Screenshots and PDFs
Pydoll provides powerful screenshot and PDF generation capabilities through direct Chrome DevTools Protocol commands. Capture full pages, specific elements, or generate PDFs with fine-grained control.
Screenshots
Basic Page Screenshot
import asyncio
from pydoll.browser.chromium import Chrome
async def take_page_screenshot():
async with Chrome() as browser:
tab = await browser.start()
await tab.go_to('https://example.com')
# Save screenshot to file
await tab.take_screenshot('page.png', quality=100)
asyncio.run(take_page_screenshot())
Supported Formats
Pydoll supports three image formats based on file extension:
# PNG format (lossless, larger file size)
await tab.take_screenshot('screenshot.png', quality=100)
# JPEG format (lossy, smaller file size)
await tab.take_screenshot('screenshot.jpeg', quality=85)
# WebP format (modern, efficient)
await tab.take_screenshot('screenshot.webp', quality=90)
Format Detection
The image format is automatically determined by the file extension. Using an unsupported extension raises InvalidFileExtension.

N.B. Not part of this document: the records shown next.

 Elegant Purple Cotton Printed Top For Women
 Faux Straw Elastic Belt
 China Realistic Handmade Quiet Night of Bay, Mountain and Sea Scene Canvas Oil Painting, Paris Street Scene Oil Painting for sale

Both .jpg and .jpeg are supported for JPEG format (.jpg is automatically normalized to .jpeg internally to match CDP requirements).
Screenshot Parameters
| Parameter | Type | Default | Description |
|---|---|---|---|
path |
Optional[str] |
None |
File path to save screenshot. Required if as_base64=False. |
quality |
int |
100 |
Image quality (0-100). Higher values mean better quality and larger files. |
beyond_viewport |
bool |
False |
Capture entire scrollable page, not just visible area. |
as_base64 |
bool |
False |
Return base64-encoded string instead of saving to file. |
Full Page Screenshot
Capture content beyond the visible viewport:
async def full_page_screenshot():
async with Chrome() as browser:
tab = await browser.start()
await tab.go_to('https://example.com/long-page')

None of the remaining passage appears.